A November E-dition (for you temporal meatspacers)

(C) Copyright 1998 Anti-Press

NOTE: This ezine may be shared with others as long as such sharing is
free of charge and full credit is given to Anti-Press with notice of
copyright.

WARNING: A student at Arizona U downloaded an Anti-Press article and
submitted it to his Journalism 101 class as his own work. After
receiving an "A" from his unsuspecting professor, he walked away
smirking, proud of his theft and deception. A runaway Good Humor truck
careened around the corner and flipped on top of him with bone-crushing
force. Keep this in mind, you potential intellectual property thieves.
Do you want to slowly die, pinned under twisted metal, your mouth pried
open as you drown in your own blood mixed with the melting goo of black
licorice ice cream?



AN ANTI-DOTE TO THOSE SMARMY THANKSGIVING HOLIDAY EDITORIALS


We're not like most others who have family and friends so share the
"good times" during the "happy" holidays. We usually end up trying to
mind our own business during a holiday, getting through it without any
stores, cafes, or libraries open. (Maybe all these "Closed For The
Holiday" establishments should add a note to their signs: "Sluff Off,
You Lonely Loser".) We don't want pity-- and we sure as hell don't
want your freakin' resentment because we are unable to appreciate your
experience.

That's the problem with holidays. EVERYONE is supposed to conform to
certain images projected by popular culture (TV, magazines and movies)
and by materialistic companies trying to pry money out of your wallet.
You are supposed to be HAPPY. If you're filled with seasonal joy, fine,
just don't inflict it upon the rest of us. At least save the crappy
Xmas music until AFTER Thanksgiving. Now we're hearing it played in the
stores right after Halloween! Hey, the pumpkins are still sheeny; let
'em shrivel up a bit.

And if you have your own problems with the Happy Syndrome, don't take it
out on us either. One Thanksgiving afternoon we went for a walk to
check out the deserted streets of downtown Plattsburgh, NY, the
freeze-breeze stirring around loose scraps of unwanted trash. We found
someone lying on the cold sidewalk, primed for frostbite, then death.
We tried to help him out but the bastard got up and tried to take a
punch at us. Someone else was walking by and he restrained this
pugnacious drunk before we could kick said bastard in his ungrateful
alcohol-sodden ass.

Good memories. That's what holidays are made of, eh?

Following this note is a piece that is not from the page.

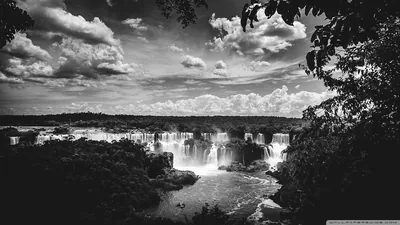 A long curtain of waterfalls drops into a river gorge, spray rising white against dark jungle and piled cumulus.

"BUT AREN'T YOU THANKFUL ABOUT ANYTHING?"

Security, grab that Pollyandroid and kick their butt out the door. Damn
plastic humanoids, go on about how happy they are during the holidays
and that a frown uses more muscles than a smile-- but the fugging
assholes won't invite you over for a warm meal.

Where were we? Thankful. Sure. Morbus and http//:www.disobey.com.
Check out the Low Bandwidth section where previous issues of
_Anti-Press_ are archived. We're listed under the _Activist_ category
or you can take the more direct route:
http://www.disobey.com/low/listings/anti-press.htm. While you're at
www.disobey.com you can also check out _Viewer Discretion_ and the other
fine plain-text ezines offered in the Low Bandwidth section.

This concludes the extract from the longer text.